D’autant que l’expérience avait été déjà tentée, en 1990, par Robert Altman (Le Monde du 15 mai 1990), qui s’en était tiré avec un très long métrage – plus de trois heures de projection. La présente émission ne dure que cinquante-deux minutes. C’est peu, et c’est beaucoup. […]
La correspondance de Vincent à Théo témoigne de la réelle humanité du peintre, de sa profondeur de pensée, et de la conscience qu’il a de faire, selon ses propres termes, « une peinture de voyou. » […]

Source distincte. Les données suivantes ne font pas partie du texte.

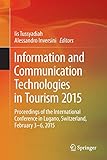 Information and Communication Technologies in Tourism 2015: Proceedings of the International Conference in Lugano, Switzerland, February 3 - 6, 2015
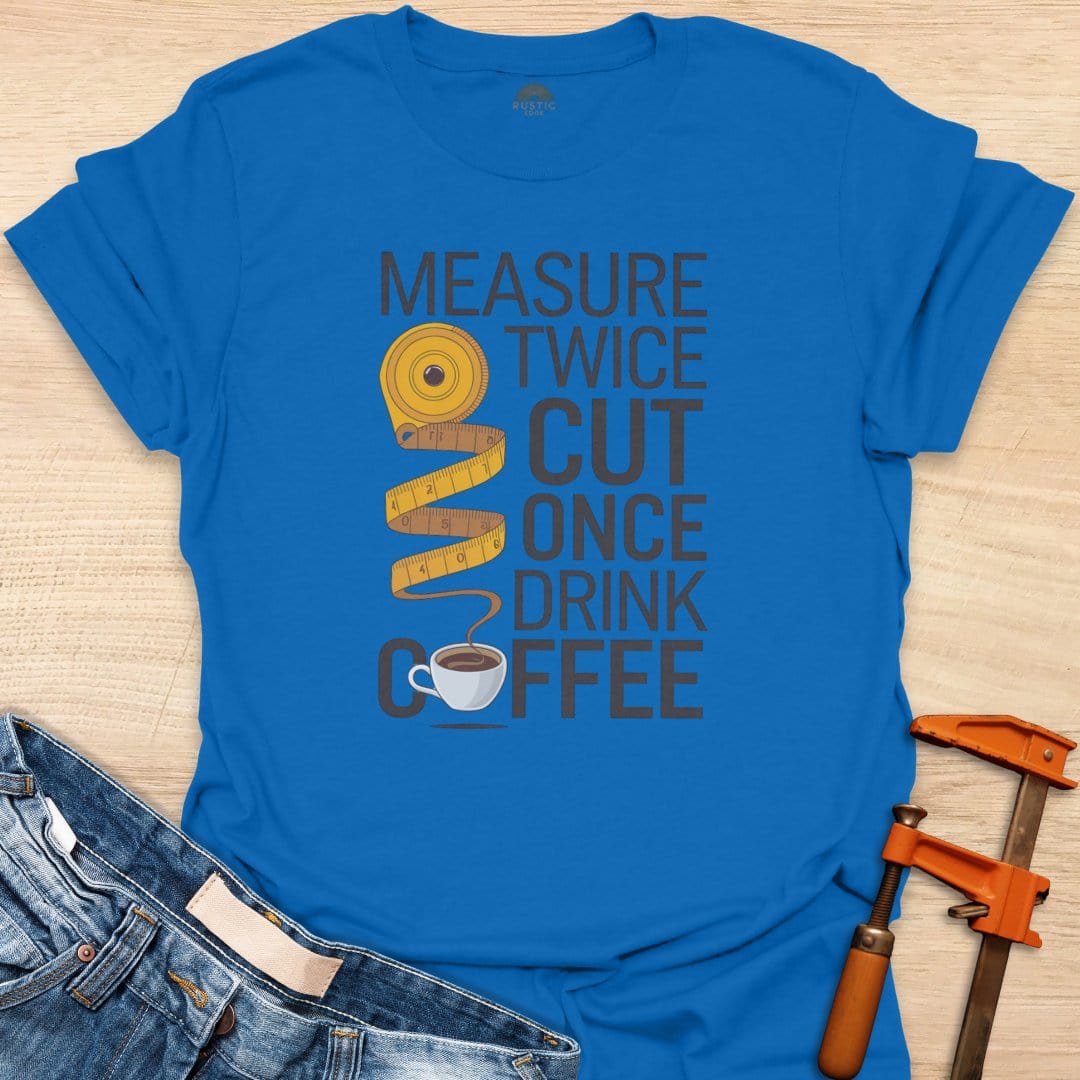 Measure Twice Cut Once Drink Coffee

Robert Bober refuse de créer une fiction. Les décors sont minimaux, sorte d’usine néo-gothique en ruine, ou librairie sombre. Le lecteur, Philippe Clévenot, une « gueule », s’il en fut, dit son texte d’une voix profonde de vieux fumeur blessé par la vie, voix étonnante, irritante au début, envoûtante à la fin.
Clévenot, acteur immense, a, depuis le tournage, rejoint Van Gogh au paradis des artistes ( Le Monde du 22 octobre 2001). Pour lui, il faut regarder ce film. Là-haut, Vincent a déjà dû faire son portrait.
« S’il arrive un malheur, nous le braverons ensemble ; mon frère, demeurons fidèles l’un à l’autre. »
Vincent Van Gogh à Théo, 1883.
Les deux tombes de Vincent et Théo Van Gogh, au cimetière d’Auvers-sur-Oise.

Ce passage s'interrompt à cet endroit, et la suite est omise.